A lire votre biographie, on a l'impression que Poulenc fut votre manager.

Oui, il voulait que je sois sa chose. Poulenc ne parlait jamais de ma voix, il n'arrêtait pas de dire de moi «vous ne trouvez pas qu'elle est belle ?» S'il m'avait présentée comme chanteuse, les gens auraient dit : c'est pas Schwarzkopf ! Alors qu'en m'annonçant comme mannequin, les gens trouvaient que j'avais une voix formidable. J'ai fait cette carrière parce que j'étais la seule chanteuse mince, avec Liliane Berton, et que je savais jouer la comédie.

Vous aviez d'autres talents, sinon vous n'auriez pas été invitée plusieurs années de suite au festival d'Aix-en-Provence...

Pour Aix, c'est simple. Poulenc m'avait dit «tu donneras un petit billet de 500 au directeur, Gabriel Dussurget». Moi je lui disais «mais tu es fou, il ne va jamais accepter». J'ai pourtant fait comme il a dit : j'ai plié le billet en huit et Dussurget l'a récupéré en me serrant la main. J'ai fait ça tous les ans, ça me révoltait parce qu'il était immensément riche, et nous, des artistes débutants, mais bon ça marchait comme ça.

En fait, c'est pour Poulenc que vous chantiez ?

J'ai détesté chanter, je trouvais que les chanteurs d'opéra n'étaient pas assez comédiens, que la vraie star c'était le chef d'orchestre. J'aurais tout lâché pour faire les pièces de Cocteau au théâtre. Le beau rôle, c'est le premier, donc pour moi Blanche de la Force n'en est pas un. Poulenc me trouvait rigolote. Comme Pierre Bernac, je lui disais ses quatre vérités et ça lui plaisait. Il était riche à en crever et laissait son petit copain dans la dèche. Il était radin mais gentil. A Rome, un 22 octobre, jour de mon anniversaire, il m'a dit : «Je vais te faire un cadeau.» Je lui ai répondu : «Enlève-moi le chien de la Voix humaine, ça déroute tout le monde, les gens n'arrêtent pas de tousser. En plus, ça ne va pas te coûter cher.» Quand il m'invitait au restaurant, il avait toujours une crise de foie, et quand c'est moi qui invitais, il avait retrouvé un sacré coup de fourchette. A sa mort, personne ne savait qu'il avait une fille, son portrait craché. Il a couché deux fois avec une bonne femme qu'il ne pouvait pas supporter et il a eu une fille.
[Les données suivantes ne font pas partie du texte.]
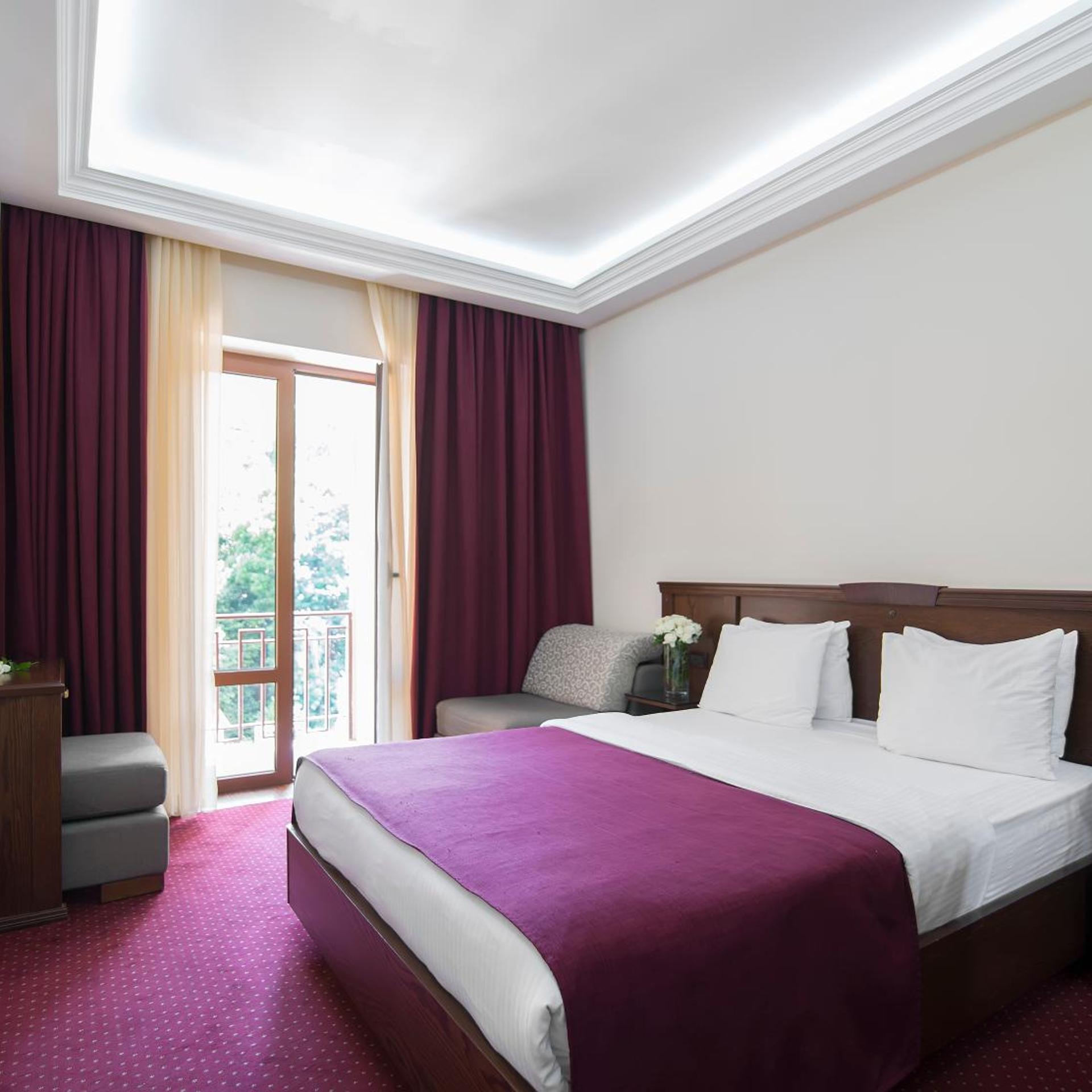 Elegant Hotel & Resort 20/60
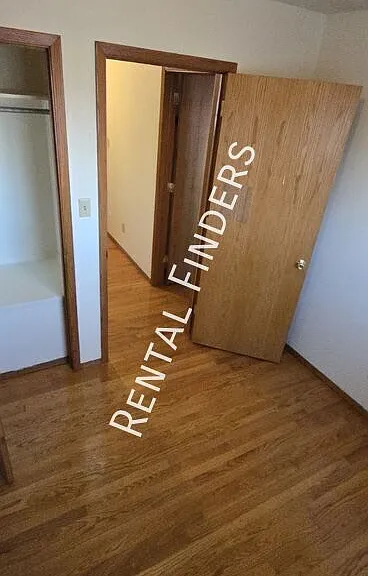 335 Dove St — Photo 4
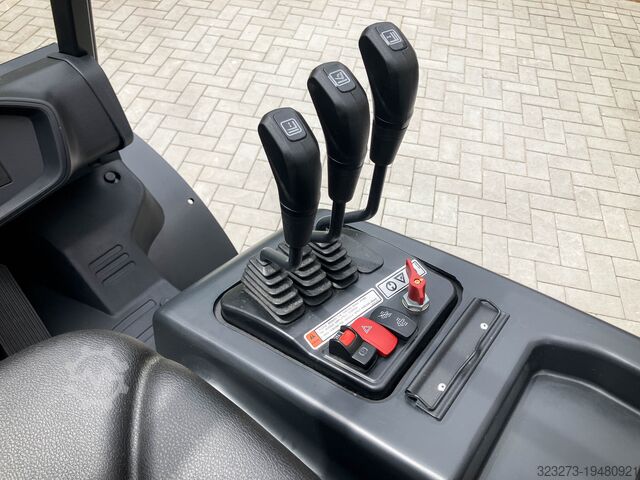 4-wheel forklift Bobcat D25NXS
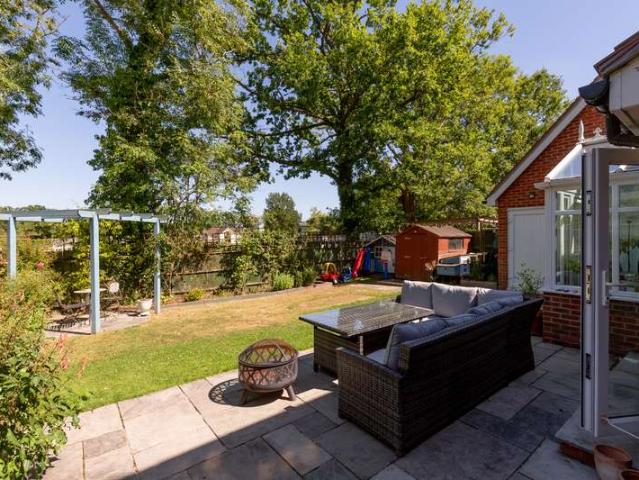 House for sale in Red Hill, Surrey
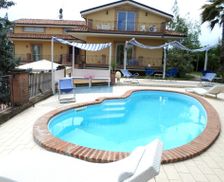 Italy Abruzzo Corropoli vacation rental compare prices direct by owner 13736351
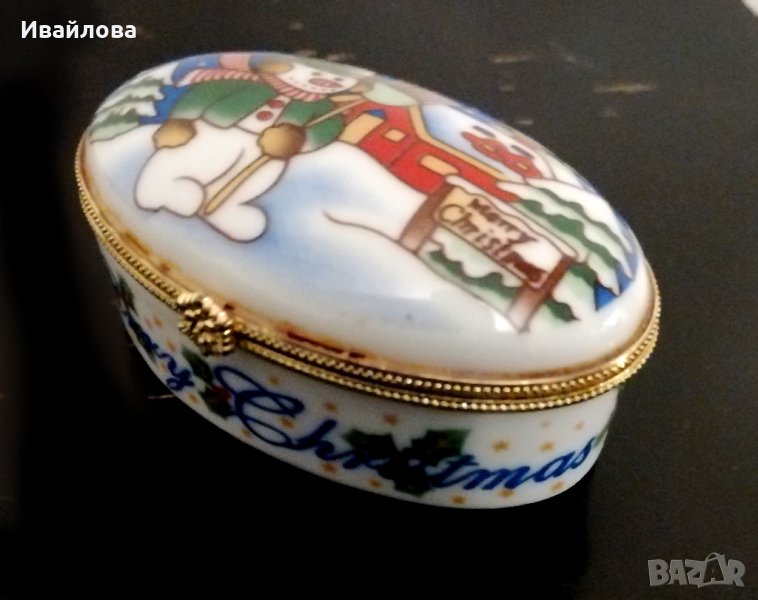 Порцеланова малка бижутерна кутийка с Коледни мотиви, снимка 1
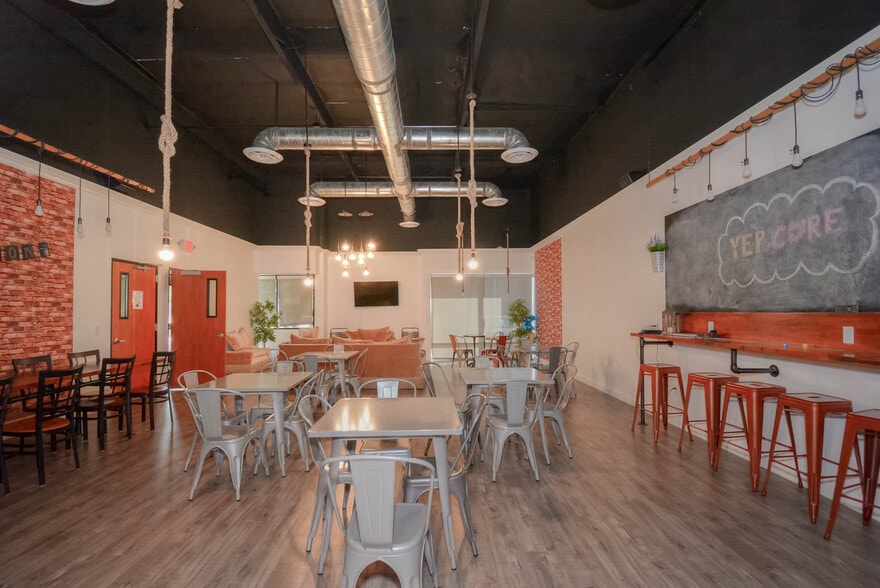 More Photos Of 570 S State College Blvd, Fullerton Warehouse For Sale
Suivez-vous ce qui se passe sur les scènes lyriques ?

Parfois, des amis me parlent d'une retransmission télévisée, alors j'allume et je tombe sur une femme à poil avec une perruque de Mélisande dans le métro, ou sur Rosine du Barbier de Séville avec un collier de chien, alors je zappe. Je me souviens du Thaïs monté par Zeffirelli à 21 ans, à l'Opéra de Dallas. Pour la scène d'orgie, j'étais sur un plateau entourée d'hommes noirs. Ça choquait, mais c'était juste. Aujourd'hui, on paye des metteurs en scène des millions pour faire n'importe quoi. Heureusement, il y a des choses positives, je trouve que les jeunes chanteuses ont une technique de souffle ahurissante. Même s'il n'y aura plus de carrières de trente ans, à cause des voyages, de l'air conditionné qui use la voix de plus en plus vite. Avant, vous étiez suivie. Certes, les Claude Glotz ou Dussurget, c'était une véritable franc-maçonnerie, mais une fois passé le premier barrage, on pouvait se développer.

Votre vie en Suisse ?

C'est horrible de vieillir. Un véritable naufrage, comme disait de Gaulle. Quand je vois tous ces vieux débris, au Franprix, tu sors avec ton cabas, tu les écoutes, c'est pas gai, gai. J'ai une petite vie à la campagne, en pantalon et col roulé. Je ne vais tout de même pas mettre un vison pour aller au marché.